That story revolves around the family of a man cryptically referred to as Man (a richly drawn Sab Shimono). A third-generation American, Man defines himself solely through his work. He's your classic nonconfrontational, wholly assimilated minority who has grown adept at swallowing ethnic insults. He has huge dreams, and a yearning to build magnificent skyscrapers and cathedrals. But his fear of standing out has forced him to settle for a lucrative, if unsatisfying, career as a designer of mini-malls and shopping centers, including his biggest to date, a Santa Monica mall called Wonderland.

Man's wife is Woman (a perfectly cast Tsai Chin), an opportunistic, sexy Singaporean he met years ago on a business trip. A new immigrant enraptured by the romantic America she knows through movies, Woman is the immigrant who sees in America nothing but promise and potential. The fact that her husband, who once seduced her as much with his ambition as his American passport, is willing to settle for so little, slowly drives a wedge into their marriage.

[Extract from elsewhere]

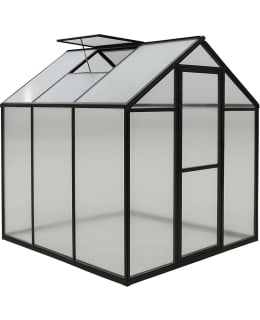 GREEN LAND SOLID 3,4 M2 GREENHOUSE Main Image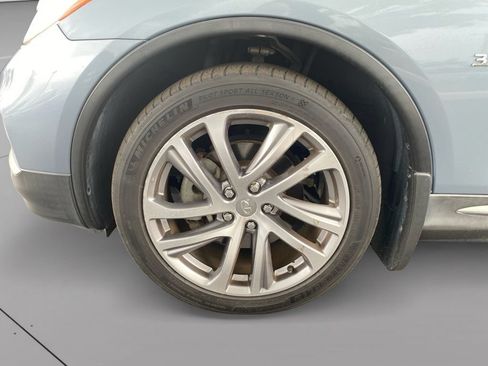 Used 2016 INFINITI QX50 AWD w/ Deluxe Touring Package image 28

The product of this union is Young Man (a strong Joel De La Fuente). The son of a silent, workaholic father dedicated to anonymity and a mother who lives in a fantasy world of celluloid dreams, the guy is naturally confused, both ethnically and sexually. (It's no coincidence that Rachel Hauck's set design includes no curves or soft edges; everything is hard, straight lines.)

Young Man's confusion, Woman's frustration, and Man's underlying fear and unhappiness collide when one of his buildings collapses. This is the play's climax, but it comes at the end of Act One, and there's still 60 minutes to go.

And here the play goes awry. We make a sudden, harsh and very dizzying turn into R-rated territory, with teenage runaways forced into male prostitution and low-grade porn films, intravenous drug use, alcoholism, homelessness, and suicide all vying for attention.

It makes for a tawdrier and “edgier” play, but not a better one. The craft and insight Yew displays in the first act dissipates. The characters turn into reverse images of themselves, sometimes predictably (Man bailing out on family and finding solace in double bourbons in a dive bar) and sometimes laughably (Woman seeking solace by making out with Rodin sculptures).

Ultimately, the play stops being about anything, and it becomes difficult to care for its characters and its story. In a way, Yew's Wonderlandis consumed by the dragon it chases. He uses the form of cinema to tell his story, but that rough beast proves unmanageable, turning his play into a series of titillating images. And what could have been a richly absorbing family tragedy becomes a rather typical made-for-cable-TV movie.